Block-diagonal-bordered sparse matrix algorithms require modifications to the normal preprocessing phase described in numerous papers on parallel Choleski factorization [14,15,16,20,37,38,39,40,41,45]. Each of the numerous papers referenced above use the paradigm to order the sparse matrix and then perform symbolic factorization in order to determine the locations of all fillin values so that static data structures can be utilized for maximum efficiency when performing numerical factorization. We modify this commonly used sparse matrix preprocessing phase to include an explicit load balancing step coupled to the ordering step so that the workload is uniformly distributed throughout a distributed-memory multi-processor and parallel algorithms make efficient use of the computational resources.

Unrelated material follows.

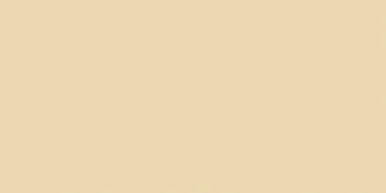 gettycrafts4-781370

Parallel block-diagonal-bordered sparse linear solvers offer the potential for regularity often absent from other parallel sparse solvers [23,24,25,27]. Our research into specialized matrix ordering techniques has shown that it is possible to order actual power system matrices readily into block-diagonal-bordered form, and load-balancing is sufficiently effective that relative speedups greater than ten have been observed in empirical performance measurements for 32 processors on a Thinking Machines CM-5 multi-processor.
In addition to the promising speedup encountered for only the parallel direct linear solver, other dimensions exist in electrical power system applications that can be exploited to efficiently make use of multi-processors with greater than 32 processors. We believe that this research also has utility for other irregular sparse matrix applications where the data is hierarchical, very sparse, and irregular. Other sources of hierarchical matrices exist, for example, electrical circuits, that have the potential for larger numbers of equations than power system matrices.